WEFLYは設立されてまだ日が浅いeVTOLメーカーだ。中心メンバーは海外の有名な航空機メーカー出身者で構成され、それぞれが航空機の世界的プロジェクトの耐空証明取得を主導し、米連邦航空局(FAA)や欧州航空安全機関(EASA)の型式証明や製造証明を取得した経験を持っている。
同社が製造するのは飛行機であって、いわゆる空飛ぶクルマとは異なる。100%電動で垂直に離着陸し、従来の内燃機関を動力とする固定翼の飛行機とは違って滑走路は必要としない。また、一般的なマルチコプターと比べると音が静かで航続距離が長いため、都市エリアの飛行や都市間を結んでの運行も可能だ。ビルの屋上や駐車場で離着陸ができ、運用コストはとても低い。
WEFLYはeVTOLについて、中国のマーケットサイズと新エネルギー技術の成熟度を考えると、中国が欧米と同じスタートラインに立つことができるまたとないチャンスだと捉えている。さらに政府の政策支援があれば、ゆくゆくは世界でも上位のメーカーになれることは間違いない。

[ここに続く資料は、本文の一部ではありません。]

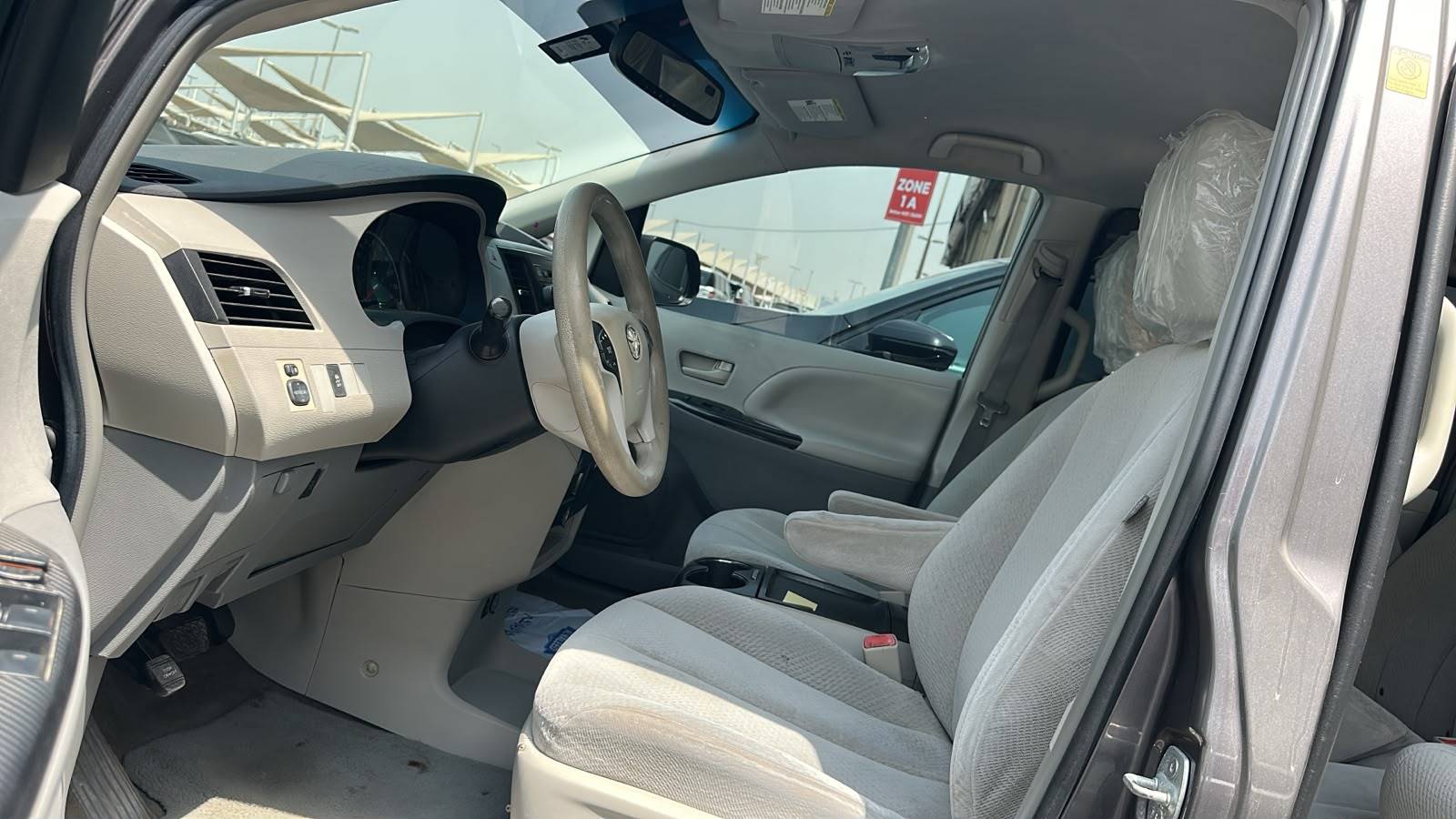 2011 TOYOTA SIENNA — 275215 Miles — Lot C0BS172439 — Souq - Marhaba Auctions Used Cars - Image 8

WEFLYは早い時期にスタートを切ったこともあり、短期間で実行力やアイデアが世界一流レベルのプロジェクトチームを作り上げることを目指している。強力なチームと信頼性の高い技術力が手に入れば、安全性が高く耐空証明の基準をクリアする有人航空機を設計・製造できる。中長期的には、有人のeVTOLを運用して、空飛ぶ電動シャトルバスを実現するというビジョンを描いている。

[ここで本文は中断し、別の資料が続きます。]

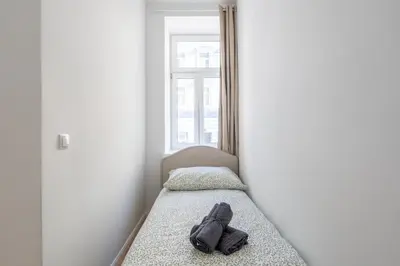 Ein Bett oder Betten in einem Zimmer der Unterkunft Modern Long-Term Apartment with Balcony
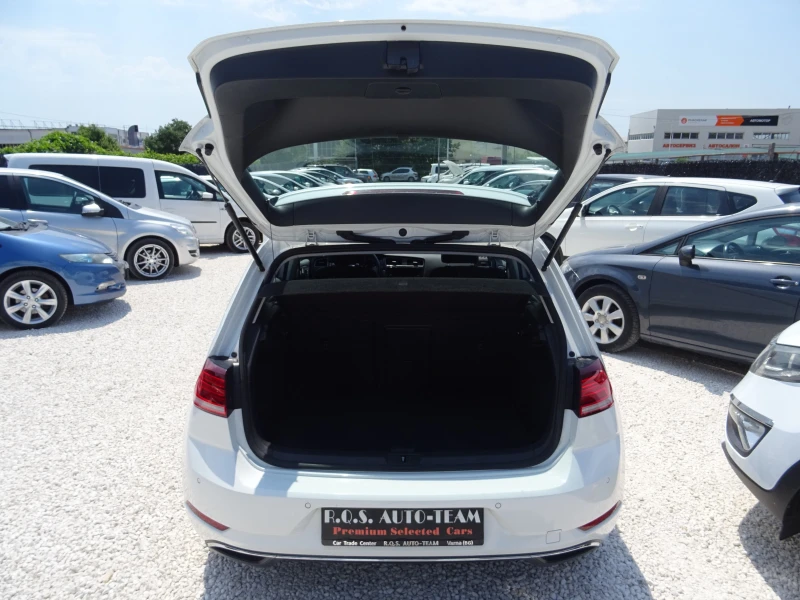 VW Golf, снимка 4 - Автомобили и джипове - 51596456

技術面では、幾度となく実験で確認されている技術を採用するという。WEFLYは「どの技術を選ぶかはそれほど重要ではなく、メーカーとしてユーザーの要求に応じて最適な製品を作ることが求められる。eVTOLの肝は技術のブレイクスルーではなく、新しいシステムと伝統的システムの融合にあり、都市エリアの飛行や点と点を結ぶ都市間の移動という目的に合わせた技術を選んだ」と語った。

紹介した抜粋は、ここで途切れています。